The following table provides a list of models available for fine-tuning. Each model has a context length, or, the maximum number of tokens the model can process in a single input. The context length depends on whether you're running inference on the base model, fine-tuning the base model, or running inference on the fine-tuned model.
Model | Size | Base context length | Fine-tuning context length | Inferencing context length |
---|---|---|---|---|
meta-llama/Meta-Llama-3-8B-Instruct | 8B | 8192 tokens | Up to 32768 tokens | The greater of the base context length and fine-tuning context length used. |
meta-llama/Meta-Llama-3-70B-Instruct | 70B | 8192 tokens | Up to 16384 tokens | The greater of the base context length and fine-tuning context length used. |
mistralai/Mistral-7B-Instruct-v0.1 | 7B | 8192 tokens | Up to 8192 tokens | The greater of the base context length and fine-tuning context length used. |
mistralai/Mixtral-8x7B-Instruct-v0.1 | 8x7B | 32768 tokens | Up to 32768 tokens | The greater of the base context length and fine-tuning context length used. |
Fine-tuning a model with a context length longer than its base context length may increase training time and result in reduced model quality.

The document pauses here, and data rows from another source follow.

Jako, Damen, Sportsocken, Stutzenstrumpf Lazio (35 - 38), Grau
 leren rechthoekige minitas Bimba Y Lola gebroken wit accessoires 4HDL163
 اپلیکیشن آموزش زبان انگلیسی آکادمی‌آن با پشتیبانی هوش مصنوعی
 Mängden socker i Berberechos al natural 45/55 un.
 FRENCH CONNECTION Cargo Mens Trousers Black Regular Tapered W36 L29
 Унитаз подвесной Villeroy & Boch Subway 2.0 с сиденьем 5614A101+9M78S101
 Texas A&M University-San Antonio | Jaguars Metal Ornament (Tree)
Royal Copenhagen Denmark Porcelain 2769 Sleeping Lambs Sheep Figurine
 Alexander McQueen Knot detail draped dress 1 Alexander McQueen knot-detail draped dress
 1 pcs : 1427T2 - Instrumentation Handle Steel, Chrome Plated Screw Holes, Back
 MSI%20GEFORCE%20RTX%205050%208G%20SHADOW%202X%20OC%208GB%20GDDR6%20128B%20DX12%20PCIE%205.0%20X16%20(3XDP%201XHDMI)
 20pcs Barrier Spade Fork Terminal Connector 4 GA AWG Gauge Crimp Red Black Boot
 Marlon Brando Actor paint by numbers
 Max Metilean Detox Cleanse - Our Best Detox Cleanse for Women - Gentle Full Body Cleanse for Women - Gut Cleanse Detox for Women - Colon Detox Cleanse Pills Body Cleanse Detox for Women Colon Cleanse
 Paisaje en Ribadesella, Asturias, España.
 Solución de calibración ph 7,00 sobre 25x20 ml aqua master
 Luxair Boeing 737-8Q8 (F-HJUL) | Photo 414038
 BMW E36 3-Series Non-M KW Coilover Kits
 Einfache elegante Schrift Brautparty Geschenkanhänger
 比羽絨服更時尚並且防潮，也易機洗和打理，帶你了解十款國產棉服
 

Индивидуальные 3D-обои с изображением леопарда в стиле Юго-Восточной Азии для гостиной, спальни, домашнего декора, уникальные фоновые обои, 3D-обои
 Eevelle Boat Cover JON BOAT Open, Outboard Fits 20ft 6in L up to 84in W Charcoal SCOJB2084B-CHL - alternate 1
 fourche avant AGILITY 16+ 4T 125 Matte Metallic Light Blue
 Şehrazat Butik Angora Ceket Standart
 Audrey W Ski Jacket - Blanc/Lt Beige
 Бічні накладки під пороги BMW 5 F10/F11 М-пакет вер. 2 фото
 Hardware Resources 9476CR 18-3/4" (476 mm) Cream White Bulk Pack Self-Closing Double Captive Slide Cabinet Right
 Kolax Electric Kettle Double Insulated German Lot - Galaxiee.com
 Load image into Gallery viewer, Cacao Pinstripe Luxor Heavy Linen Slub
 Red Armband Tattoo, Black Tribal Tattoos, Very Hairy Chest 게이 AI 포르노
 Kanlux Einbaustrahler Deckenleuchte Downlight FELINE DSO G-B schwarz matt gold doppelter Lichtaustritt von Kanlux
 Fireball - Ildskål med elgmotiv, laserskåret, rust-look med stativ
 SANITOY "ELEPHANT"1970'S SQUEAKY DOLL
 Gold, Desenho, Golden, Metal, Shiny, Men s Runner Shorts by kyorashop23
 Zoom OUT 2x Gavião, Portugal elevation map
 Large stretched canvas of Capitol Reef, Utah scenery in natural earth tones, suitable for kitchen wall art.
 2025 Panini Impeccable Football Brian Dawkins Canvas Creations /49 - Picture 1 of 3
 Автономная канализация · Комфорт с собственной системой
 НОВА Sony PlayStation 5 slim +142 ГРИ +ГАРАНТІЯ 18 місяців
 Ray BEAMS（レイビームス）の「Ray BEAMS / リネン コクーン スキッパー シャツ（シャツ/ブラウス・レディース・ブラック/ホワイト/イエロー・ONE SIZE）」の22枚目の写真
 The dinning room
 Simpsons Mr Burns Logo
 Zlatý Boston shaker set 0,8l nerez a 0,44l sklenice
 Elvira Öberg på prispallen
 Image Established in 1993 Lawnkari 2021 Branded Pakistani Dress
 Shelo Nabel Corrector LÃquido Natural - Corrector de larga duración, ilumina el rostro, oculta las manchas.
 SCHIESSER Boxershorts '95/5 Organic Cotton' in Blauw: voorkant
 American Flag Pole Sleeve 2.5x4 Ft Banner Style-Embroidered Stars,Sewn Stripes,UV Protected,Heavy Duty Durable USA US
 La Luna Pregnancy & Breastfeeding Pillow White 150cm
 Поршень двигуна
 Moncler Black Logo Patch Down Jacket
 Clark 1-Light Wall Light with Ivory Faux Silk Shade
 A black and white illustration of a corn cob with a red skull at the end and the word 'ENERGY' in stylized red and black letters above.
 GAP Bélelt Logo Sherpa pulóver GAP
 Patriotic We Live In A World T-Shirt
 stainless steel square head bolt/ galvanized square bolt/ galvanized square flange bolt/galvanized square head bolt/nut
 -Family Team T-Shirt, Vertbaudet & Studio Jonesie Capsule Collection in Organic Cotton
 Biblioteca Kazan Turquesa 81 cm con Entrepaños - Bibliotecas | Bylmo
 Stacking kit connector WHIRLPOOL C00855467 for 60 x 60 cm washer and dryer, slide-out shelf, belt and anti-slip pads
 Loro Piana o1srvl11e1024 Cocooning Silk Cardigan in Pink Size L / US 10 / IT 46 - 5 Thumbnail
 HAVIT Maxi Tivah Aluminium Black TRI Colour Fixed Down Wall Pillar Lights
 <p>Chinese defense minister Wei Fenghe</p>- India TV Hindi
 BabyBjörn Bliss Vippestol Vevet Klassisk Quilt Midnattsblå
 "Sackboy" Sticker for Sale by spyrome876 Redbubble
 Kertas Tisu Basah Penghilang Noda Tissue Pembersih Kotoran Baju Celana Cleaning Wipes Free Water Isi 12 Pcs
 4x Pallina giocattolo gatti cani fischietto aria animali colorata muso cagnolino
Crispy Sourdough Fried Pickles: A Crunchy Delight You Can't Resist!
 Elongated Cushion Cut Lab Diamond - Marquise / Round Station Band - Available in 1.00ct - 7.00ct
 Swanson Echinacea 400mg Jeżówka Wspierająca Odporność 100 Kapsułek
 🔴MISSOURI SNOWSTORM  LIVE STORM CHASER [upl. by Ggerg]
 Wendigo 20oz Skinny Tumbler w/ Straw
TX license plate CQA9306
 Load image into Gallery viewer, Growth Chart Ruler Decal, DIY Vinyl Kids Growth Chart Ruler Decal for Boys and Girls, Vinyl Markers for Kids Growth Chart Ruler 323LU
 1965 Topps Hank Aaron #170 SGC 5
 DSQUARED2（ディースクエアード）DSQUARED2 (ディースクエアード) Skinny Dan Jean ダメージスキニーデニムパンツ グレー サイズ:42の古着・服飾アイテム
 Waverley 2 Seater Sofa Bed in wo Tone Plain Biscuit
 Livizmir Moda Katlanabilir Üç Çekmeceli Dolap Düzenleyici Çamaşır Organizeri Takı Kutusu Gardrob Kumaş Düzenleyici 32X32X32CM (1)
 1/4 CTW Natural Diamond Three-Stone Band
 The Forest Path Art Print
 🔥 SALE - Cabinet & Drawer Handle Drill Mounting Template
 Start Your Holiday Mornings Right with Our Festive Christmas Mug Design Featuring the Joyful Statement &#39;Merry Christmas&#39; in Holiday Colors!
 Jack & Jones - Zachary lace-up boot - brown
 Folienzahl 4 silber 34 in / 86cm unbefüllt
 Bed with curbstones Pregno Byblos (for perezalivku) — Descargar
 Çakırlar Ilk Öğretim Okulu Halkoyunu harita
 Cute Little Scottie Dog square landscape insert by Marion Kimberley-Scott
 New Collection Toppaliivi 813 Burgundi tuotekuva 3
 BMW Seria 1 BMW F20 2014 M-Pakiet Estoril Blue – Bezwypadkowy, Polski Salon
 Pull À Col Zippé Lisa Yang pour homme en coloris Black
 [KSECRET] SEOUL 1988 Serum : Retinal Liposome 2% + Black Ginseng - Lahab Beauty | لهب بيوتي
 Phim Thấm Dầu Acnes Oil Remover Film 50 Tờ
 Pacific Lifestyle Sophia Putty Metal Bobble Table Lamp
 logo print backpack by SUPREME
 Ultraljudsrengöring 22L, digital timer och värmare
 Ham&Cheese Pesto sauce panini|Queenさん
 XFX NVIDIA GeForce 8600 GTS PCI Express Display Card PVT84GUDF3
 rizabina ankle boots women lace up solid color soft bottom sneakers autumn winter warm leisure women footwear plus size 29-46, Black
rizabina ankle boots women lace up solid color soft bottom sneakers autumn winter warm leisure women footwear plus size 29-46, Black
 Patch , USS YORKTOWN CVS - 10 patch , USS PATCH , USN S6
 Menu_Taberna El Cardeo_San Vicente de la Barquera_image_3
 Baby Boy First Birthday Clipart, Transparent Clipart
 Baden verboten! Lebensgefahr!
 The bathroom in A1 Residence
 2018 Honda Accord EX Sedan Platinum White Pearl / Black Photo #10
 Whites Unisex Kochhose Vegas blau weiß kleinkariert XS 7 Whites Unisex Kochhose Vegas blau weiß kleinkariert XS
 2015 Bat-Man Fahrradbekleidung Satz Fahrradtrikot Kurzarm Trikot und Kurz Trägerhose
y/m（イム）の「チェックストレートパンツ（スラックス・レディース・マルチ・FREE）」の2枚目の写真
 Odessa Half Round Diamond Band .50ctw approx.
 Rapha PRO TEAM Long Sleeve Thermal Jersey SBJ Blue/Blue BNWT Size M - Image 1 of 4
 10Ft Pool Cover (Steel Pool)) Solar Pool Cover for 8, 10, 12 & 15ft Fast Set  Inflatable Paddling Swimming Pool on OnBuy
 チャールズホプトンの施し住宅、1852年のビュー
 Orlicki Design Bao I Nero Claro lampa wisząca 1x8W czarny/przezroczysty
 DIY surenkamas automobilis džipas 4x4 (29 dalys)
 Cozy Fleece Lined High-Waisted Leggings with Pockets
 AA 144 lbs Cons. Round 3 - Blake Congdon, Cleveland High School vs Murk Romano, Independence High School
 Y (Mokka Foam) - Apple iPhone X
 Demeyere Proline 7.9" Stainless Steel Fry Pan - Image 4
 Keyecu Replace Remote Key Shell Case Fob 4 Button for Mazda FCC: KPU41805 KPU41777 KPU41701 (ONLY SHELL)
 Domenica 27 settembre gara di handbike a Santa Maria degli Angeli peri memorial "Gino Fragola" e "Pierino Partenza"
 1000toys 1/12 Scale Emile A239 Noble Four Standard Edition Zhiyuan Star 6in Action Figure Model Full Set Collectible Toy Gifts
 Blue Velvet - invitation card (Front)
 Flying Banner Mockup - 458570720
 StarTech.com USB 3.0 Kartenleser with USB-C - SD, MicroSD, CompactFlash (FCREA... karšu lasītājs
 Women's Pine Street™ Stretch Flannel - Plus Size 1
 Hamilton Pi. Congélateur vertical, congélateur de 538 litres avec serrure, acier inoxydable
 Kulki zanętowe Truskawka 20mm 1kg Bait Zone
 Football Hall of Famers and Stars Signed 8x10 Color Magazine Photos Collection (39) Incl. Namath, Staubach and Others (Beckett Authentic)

meta-llama/Llama-2-7b-chat-hf
, meta-llama/Llama-2-13b-chat-hf
, meta-llama/Llama-2-70b-chat-hf
have transitioned to the legacy models list. Moving forward, for fine-tuning a similar or better model, use meta-llama/Meta-Llama-3-8B-Instruct
or meta-llama/Meta-Llama-3-70B-Instruct
.
Serving support for fine-tuned Llama-2 models expires on June 15, 2024.